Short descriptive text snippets
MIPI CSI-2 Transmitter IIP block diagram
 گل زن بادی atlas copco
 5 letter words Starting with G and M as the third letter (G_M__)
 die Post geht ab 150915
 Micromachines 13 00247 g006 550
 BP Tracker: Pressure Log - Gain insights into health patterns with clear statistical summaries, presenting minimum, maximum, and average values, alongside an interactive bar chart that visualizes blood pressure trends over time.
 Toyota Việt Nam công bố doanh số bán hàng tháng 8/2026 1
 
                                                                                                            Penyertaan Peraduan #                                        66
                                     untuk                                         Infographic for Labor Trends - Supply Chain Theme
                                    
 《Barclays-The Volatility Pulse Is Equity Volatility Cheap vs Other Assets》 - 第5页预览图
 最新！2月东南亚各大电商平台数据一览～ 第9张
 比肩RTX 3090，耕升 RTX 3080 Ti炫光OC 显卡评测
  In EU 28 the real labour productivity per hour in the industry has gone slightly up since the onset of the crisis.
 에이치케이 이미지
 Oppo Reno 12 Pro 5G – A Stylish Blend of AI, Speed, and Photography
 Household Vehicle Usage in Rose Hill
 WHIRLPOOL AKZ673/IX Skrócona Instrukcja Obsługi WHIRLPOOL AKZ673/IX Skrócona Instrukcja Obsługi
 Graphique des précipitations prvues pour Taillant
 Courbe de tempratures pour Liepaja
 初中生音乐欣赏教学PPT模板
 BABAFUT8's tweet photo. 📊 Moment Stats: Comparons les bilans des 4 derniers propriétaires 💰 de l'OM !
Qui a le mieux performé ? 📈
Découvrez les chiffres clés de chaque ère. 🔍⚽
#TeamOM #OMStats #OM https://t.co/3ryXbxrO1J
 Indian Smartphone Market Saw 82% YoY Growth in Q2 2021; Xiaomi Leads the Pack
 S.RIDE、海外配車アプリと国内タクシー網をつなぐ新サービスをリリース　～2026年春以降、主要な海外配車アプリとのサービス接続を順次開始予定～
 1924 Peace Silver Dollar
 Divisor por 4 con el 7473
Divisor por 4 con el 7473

(TASK DETAILS): Beginning with the first line above, could you copy every line exactly, up to and including the one with "比肩RTX 3090，耕升 RTX 3080 Ti炫光OC 显卡评测"?

(OUTPUT BELOW):
MIPI CSI-2 Transmitter IIP block diagram
 گل زن بادی atlas copco
 5 letter words Starting with G and M as the third letter (G_M__)
 die Post geht ab 150915
 Micromachines 13 00247 g006 550
 BP Tracker: Pressure Log - Gain insights into health patterns with clear statistical summaries, presenting minimum, maximum, and average values, alongside an interactive bar chart that visualizes blood pressure trends over time.
 Toyota Việt Nam công bố doanh số bán hàng tháng 8/2026 1
 
                                                                                                            Penyertaan Peraduan #                                        66
                                     untuk                                         Infographic for Labor Trends - Supply Chain Theme
                                    
 《Barclays-The Volatility Pulse Is Equity Volatility Cheap vs Other Assets》 - 第5页预览图
 最新！2月东南亚各大电商平台数据一览～ 第9张
 比肩RTX 3090，耕升 RTX 3080 Ti炫光OC 显卡评测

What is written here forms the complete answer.